# "You need permission to perform this action"



## jnhay

That's the error message that comes up when I try to delete the folder I just downloaded a few minutes earlier. I'm the only user on this computer, so I don't understand why I can't just send the folder to the recycle bin? Any help?


----------



## 1 g0t 0wn3d

Did you download this from a p2p like limewire?


----------



## jnhay

I got it from softpedia.com, I now see Vista wasn't included under requirements, but I should still be able to delete it shouldn't I?


----------



## Leumas

I had the same message when trying to install an printer, you have to install your self as the administrator. heres what I had to do.
1. Click start windows button
2.click programs
3. click accessories
4. Right Click command prompt and slect run as Adminstrator
5. click continue
6. type in witth out quotes "net user administrator /antive:yes
7. enter
8. restart computer


----------



## Oceanborn

Leumas said:


> I had the same message when trying to install an printer, you have to install your self as the administrator. heres what I had to do.
> 1. Click start windows button
> 2.click programs
> 3. click accessories
> 4. Right Click command prompt and slect run as Adminstrator
> 5. click continue
> 6. type in witth out quotes "net user administrator /active:yes
> 7. enter
> 8. restart computer


Or....you can disable UAC control altogether and stop the annoying messages once and for all...

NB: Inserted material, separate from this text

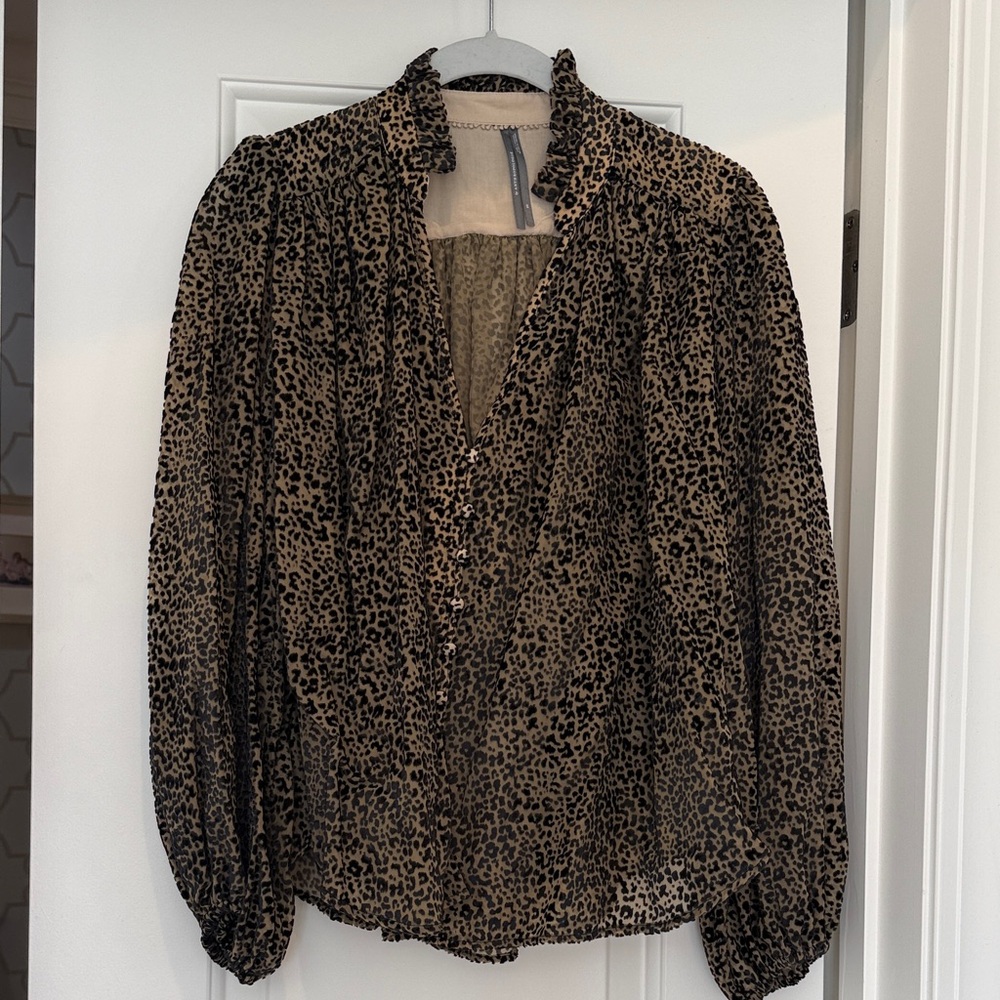 Leopard Print Women's Top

Control panel, user accounts, disable UAC control


----------



## ray207

Leumas said:


> I had the same message when trying to install an printer, you have to install your self as the administrator. heres what I had to do.
> 1. Click start windows button
> 2.click programs
> 3. click accessories
> 4. Right Click command prompt and slect run as Adminstrator
> 5. click continue
> 6. type in witth out quotes "net user administrator /active:yes
> 7. enter
> 8. restart computer


Spot on! you obviously know computers, where do you get the information to do this kind of work. BTW disabling UAC has no effect on this particular situation.


----------



## VampireJesues

I just dealt with this myself. Due to problems with an installation of Windows Vista, I was left with a Windows.old folder that was in my C:\ just taking up vital space.

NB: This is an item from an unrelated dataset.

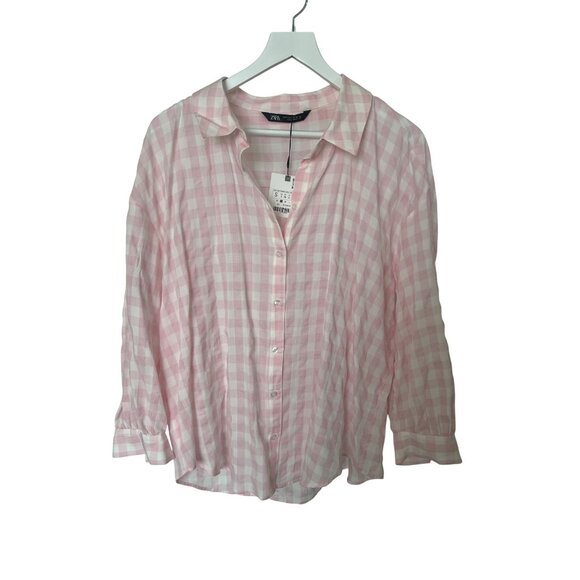 Zara Plaid Oversized Shirt - Picture 4 of 8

It was a tricky one, but using a helpful post that I saw here I was able to get things finally said and done. The key is to use the steps for ADD through to FIND NOW until you get as far down as you can go and then you can select All Access to give you every imaginable access to the files that you can get in Windows Vista.

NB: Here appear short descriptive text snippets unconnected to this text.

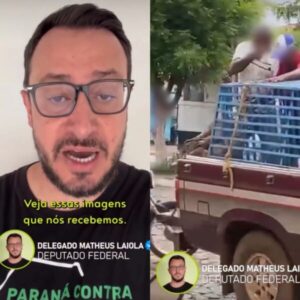 Deputado Federal Delegado Matheus Laiola denuncia maus-tratos a cães em São João dos Patos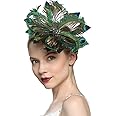 VIMARO Peacock Fascinator Hat, Peacock Fascinators for Women, Tea Party Kentucky Derby Hats for Women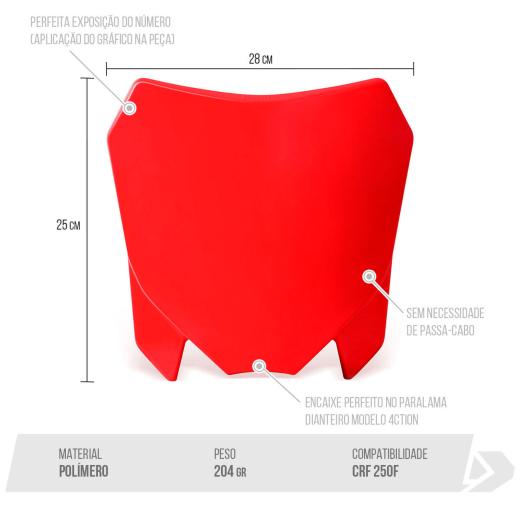 Number Plate Biker 4CTION CRF 250F/300F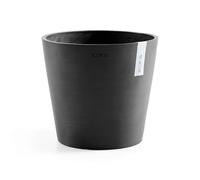 Ecopots Pot Amsterdam Gris Foncé + Réservoir d'Eau - Ø 30 cm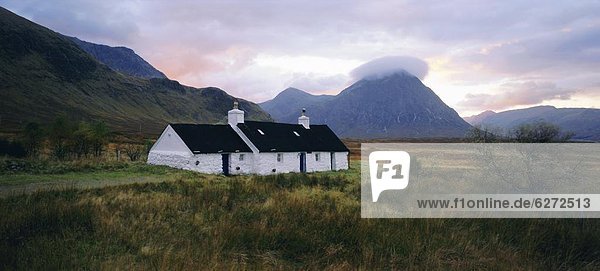 Europa Großbritannien Blackrock Cottage Schottland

Hope this helps and isn't too un-informative.

Ok, I made a test folder here to up the informative quality and I'll go through a quick run-down of the process

First you want to right-click the folder or the file and then you select Properties and go to the Security tab and under that you select Advanced. Then in the next window that pops up, you should already be under Permissions tab. Click the Edit button and then click the Add button in the next window. Click on Advanced, then click on Find Now and select the profile that you are using from the list and click OK. Then you are ready to click OK again to go to the list where you will select your permissions. Just select Full Control and you can do anything you like with your files/folders now.


----------



## coryb891

I get this message a lot when when I attempt to move or delete a directory and I have one or more files within that directory open in an application. First it says "You need to confirm this operation", and then it says "You need permission to perform this action". Strangely, it seems to occur only when files in subdirectories are open and not when files directly within the directory are open.

Demonstration:
1) Open up two Windows Explorer windows.
2) In one of the explorers, create a directory named "TopDir" and a subdirectory named "SubDir". Open SubDir in explorer.
3) Right-click in the SubDir folder and select "New" and then "Compressed (zipped) Folder".
4) Double-click the new zip file to open it in Explorer.
5) From the OTHER explorer window, attempt to delete the TopDir folder. You will experience this strange behavior.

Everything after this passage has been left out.